Un levier pour exploiter le gaz du Qatar
Au- delà des économies engendrées, la pétrochimie in situ constitue pour Total un levier permettant de gagner de futurs gisements de gaz. Le craqueur d’éthane passerait presque inaperçu à Ras Laffan, tant la cité industrielle multiplie les installations des majors. Shell, Exxon Mobil et ConocoPhillips qui y ont installé leurs quartiers aux côtés de Total, sur les rives du plus grand gisement de gaz de la planète. C'est que le réservoir de Northfield fait la richesse de l’émirat, et attire toutes les convoitises. Situé sous la mer du Golfe arabo-persique entre l’Iran et le Qatar, il propulse la presqu’ile au troisième rang de producteur gazier de la planète, derrière la Russie et l’Iran. « Facile à exploiter, à seulement 60 mètres de profondeur sous la mer, il peut fournir du méthane pendant encore une centaine d’années », souligne Philippe Guys, directeur de l’exploration production de Total au Qatar. Un eldorado, loin des difficultés techniques des gisements sous pression en grande profondeur, dans le Golfe du Mexique.

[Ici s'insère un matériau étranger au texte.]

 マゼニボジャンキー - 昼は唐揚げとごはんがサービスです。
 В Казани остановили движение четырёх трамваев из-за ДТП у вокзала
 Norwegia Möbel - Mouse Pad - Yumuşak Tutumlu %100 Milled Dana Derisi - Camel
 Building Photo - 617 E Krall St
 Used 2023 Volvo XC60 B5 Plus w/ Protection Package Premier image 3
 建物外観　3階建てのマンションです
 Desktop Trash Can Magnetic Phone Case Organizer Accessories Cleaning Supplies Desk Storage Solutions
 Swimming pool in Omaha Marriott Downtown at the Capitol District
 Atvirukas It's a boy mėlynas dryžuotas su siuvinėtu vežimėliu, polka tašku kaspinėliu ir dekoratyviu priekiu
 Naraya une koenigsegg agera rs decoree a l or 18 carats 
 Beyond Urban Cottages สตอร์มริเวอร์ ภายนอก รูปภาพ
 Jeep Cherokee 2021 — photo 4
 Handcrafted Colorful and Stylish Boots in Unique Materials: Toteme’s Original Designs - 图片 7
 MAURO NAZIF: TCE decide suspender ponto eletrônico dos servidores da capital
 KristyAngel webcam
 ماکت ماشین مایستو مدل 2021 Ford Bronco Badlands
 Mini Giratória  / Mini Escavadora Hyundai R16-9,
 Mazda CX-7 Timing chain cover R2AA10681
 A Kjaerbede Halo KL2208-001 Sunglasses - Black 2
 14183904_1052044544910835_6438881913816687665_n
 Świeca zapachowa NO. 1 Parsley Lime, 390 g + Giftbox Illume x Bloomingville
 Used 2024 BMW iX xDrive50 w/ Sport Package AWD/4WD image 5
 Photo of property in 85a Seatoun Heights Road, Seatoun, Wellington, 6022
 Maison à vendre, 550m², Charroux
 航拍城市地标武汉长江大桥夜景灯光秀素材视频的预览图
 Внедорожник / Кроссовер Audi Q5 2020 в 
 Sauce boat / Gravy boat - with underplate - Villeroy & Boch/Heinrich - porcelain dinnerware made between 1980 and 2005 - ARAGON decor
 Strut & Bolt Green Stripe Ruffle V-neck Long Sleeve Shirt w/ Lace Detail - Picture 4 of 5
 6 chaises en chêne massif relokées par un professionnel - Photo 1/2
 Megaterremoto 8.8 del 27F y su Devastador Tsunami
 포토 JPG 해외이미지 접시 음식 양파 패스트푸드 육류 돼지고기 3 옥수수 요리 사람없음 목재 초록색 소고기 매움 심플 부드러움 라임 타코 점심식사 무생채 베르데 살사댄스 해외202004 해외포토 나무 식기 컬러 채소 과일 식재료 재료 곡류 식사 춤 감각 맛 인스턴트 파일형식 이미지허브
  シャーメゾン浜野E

Reste qu’il faut séduire le propriétaire. « Tous ceux qui ont reçu des concessions ont apporté une technologie, une valeur ajoutée », indique François Cornélis. Le groupe français s’est pour l’instant vu attribuer trois tranches d'exploitation, toujours en binôme avec Qatar Petroleum, le bras armé de l’émirat. Mais un moratoire sur l’exploitation du gisement North field a été imposé jusqu’en 2014. D’ici là, Total fourbit ses armes à l'émirat en demande d'excellence : un centre de recherche ambitieux logé dans le quartier des matières grises à Doha, une antenne de la prestigieuse école HEC, qui devrait être l'un des premiers établissements étrangers à proposer un bac+5, une politique d’implantation de PME françaises de pointe, et enfin, de gros investissements pour industrialiser le pays sur toute la chaîne de valeur du gaz, au-delà de l’exploration-production. Le craqueur d'éthane géant, conçu par Technip au plus près des exigences possibles en termes d’efficacité énergétique, fait partie de cette stratégie.